ACT: THOMAS (:03) Spare change? It's cold out here.

NARR: This has been Thomas' life for a long time.

ACT: THOMAS (:15): Panhandling? On and off since 1971. Somedays I make money, somedays I don't make money.

NARR: Along with the cold, there are other perils. Thomas says he's been arrested at least once for every year he's been out on the streets. The last time was just a few months ago.

ACT: THOMAS (:19): Well I was sitting here in this spot, and I was flashing my sign, and a cop told me to move, so, okay I moved, I went across the street, stood there, started flashing my sign, and he came up and collared me. Cuffed me and stuffed me.

NARR: Thomas was arrested on the charge of public loitering for the purpose of begging. But it turns out arrests like these are actually illegal in New York City, ever since a federal judge ruled in 1992 that panhandling was constitutionally protected under the First Amendment right to free speech.

ACT: ROSENFIELD (:16) Almost all of the people we believe who were arrested under this loitering section for panhandling were people who would fall into the category of peacefully standing on the street holding out a cup and asking for change, which is something that the First Amendment protects their right to do.

NARR: That's Katherine Rosenfield, a lawyer who noted that city officials have already acknowledged that such arrests continued under the old, unconstitutional law. That mistake has already cost the city a big chunk of change.

Three months ago, the city agreed to pay one panhandler $100,000 after he sued them for over 20 such arrests. Rosenfield was that panhandlers lawyer, and this month, her firm began a class action lawsuit.

ACT: ROSENFIELD (:11): We learned that there it was a much more widespread problem and that there were thousands of people who had this happen to them, many of them who went through the entire system and pled guilty to this crime without knowing in fact that was not a crime.

NARR: The law does allow police to arrest panhandlers if they are acting aggressively or violently. But violent behavior apparently wasn't why most panhandlers were arrested. Public defenders say the law was overlooked for so long in part because of an overburdened justice system. Homeless advocate Jean Rice describes what it was like for him to go through the system…

ACT: RICE: (:13): And then you get a court appointed attorney and he tells you, hey look I got 130 cases that I got to deal with and you're number 128. When you come out to see the judge, it's a done deal.
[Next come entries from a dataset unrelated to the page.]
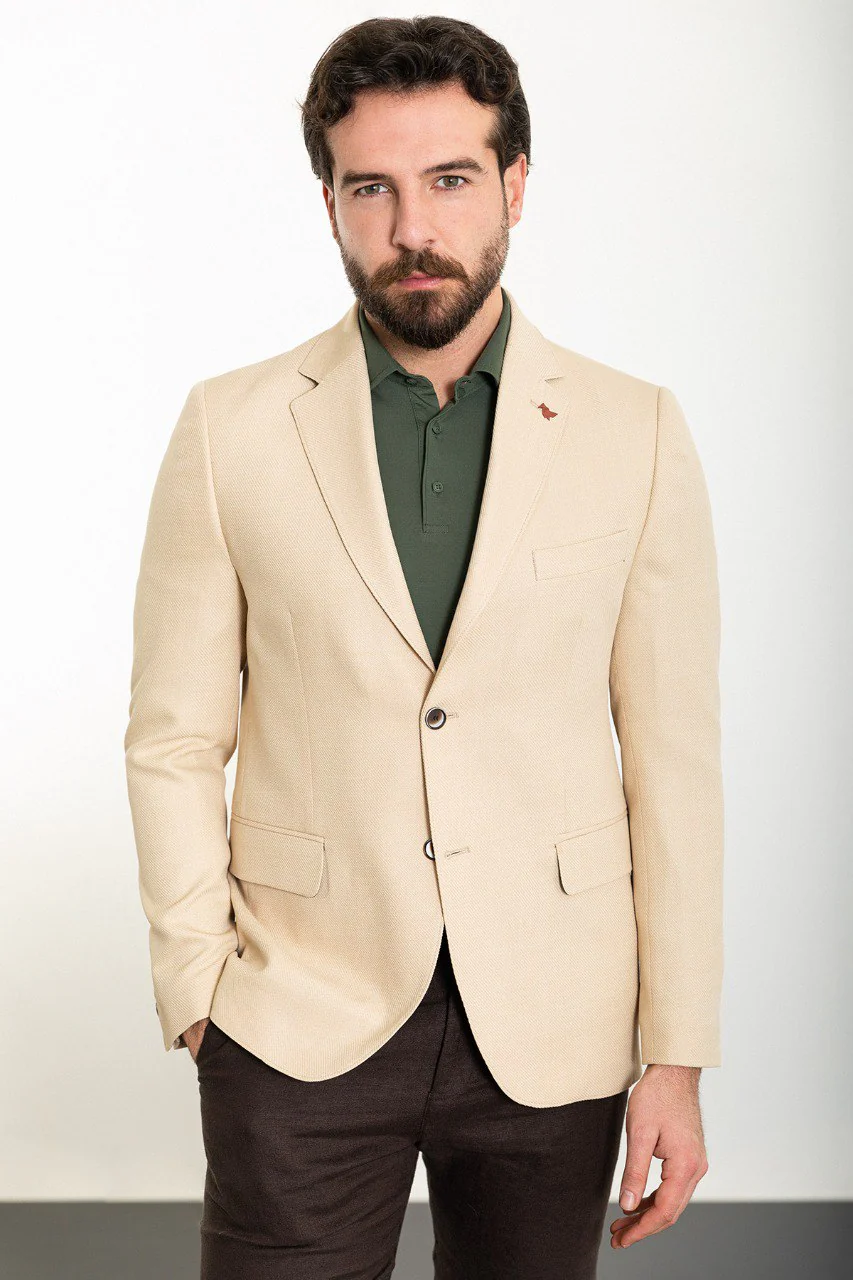 Men’s Beige Slim Fit Summer Blazer.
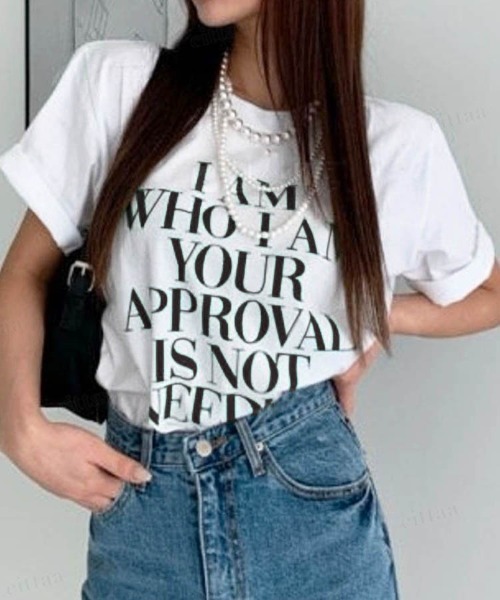 Dalfwin(ダールフィン)の「I AMレタリング半袖Tシャツ(Tシャツ/カットソー・レディース・グリーン/ブラック/ベージュ/バイオレット・FREE)」の13枚目の写真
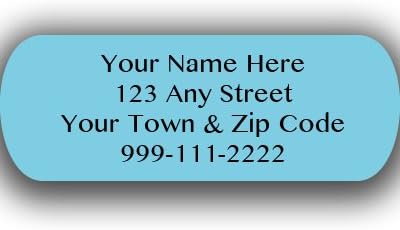 Iron on Clothing Labels - 100pc Large Blue - 3/4" x 2" - up to 4 Lines - Personalized with Your Text! Great for Nursing Homes, Camps, Businesses, Home Made Crafts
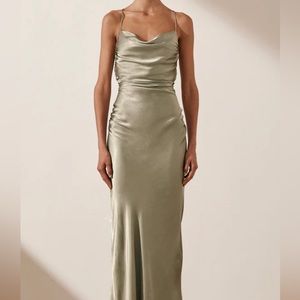 LA LUNE LACE BACK MAXI DRESS - SAGE GREEN - WORN ONCE FOR PICTURES SIZE  US 6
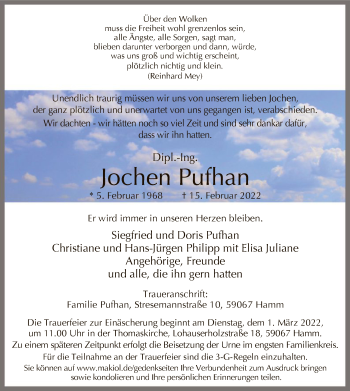Traueranzeige von Jochen Pufhan von WA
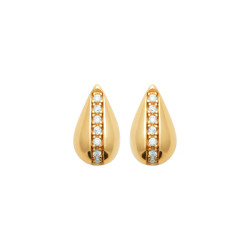 Boucles d’oreilles en plaqué or 750‰ en forme de goutte bombée, avec barrette centrale sertie de zirconiums blancs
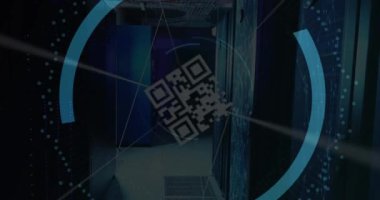 Animation of circular scanner with rotating over person icon on black background. Global technology and digital interface concept digitally generated video.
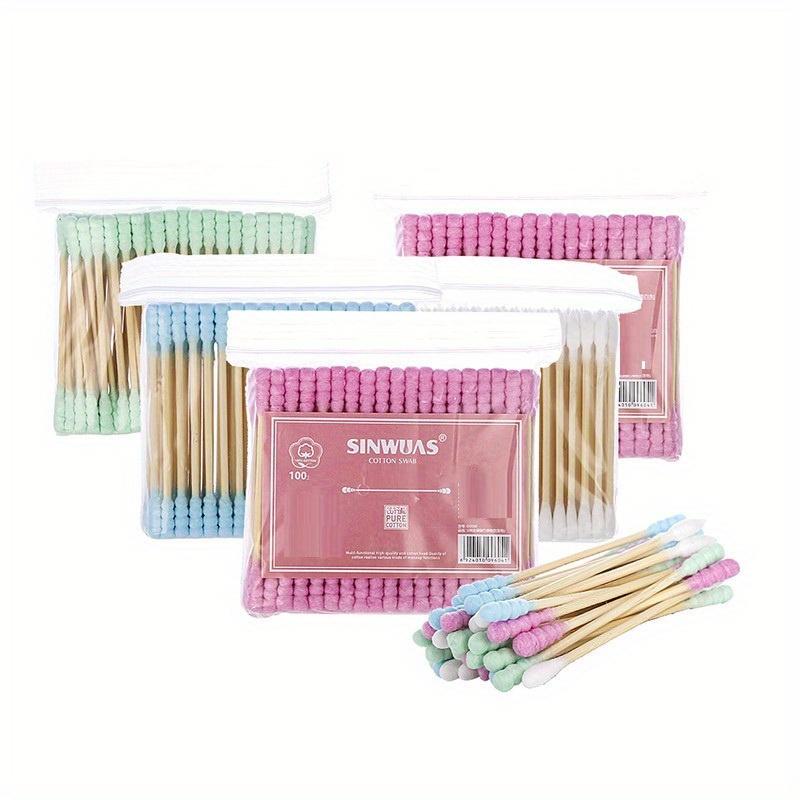 

Цветные ватные палочки с двойной спиральной головкой, ватные палочки для чистки ушей, гигиенические ватные палочки для снятия макияжа для ежедневного ухода и очищения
NARR: The Bronx District Attorney, whose office presided over several of the cases in the lawsuit, has acknowledged his office had been improperly prosecuting panhandlers. And there actually seems to be little dispute - from the city itself, from panhandlers, or from lawyers - that the system failed on every level to uphold the law. Rosenfield says the problem started…

ACT: ROSENFIELD (13 sec): …with the police on the street who were arresting people for the violations, through the district attorney's office who were prosecuting people for it and onto the judge who were permitting people to accept pleas.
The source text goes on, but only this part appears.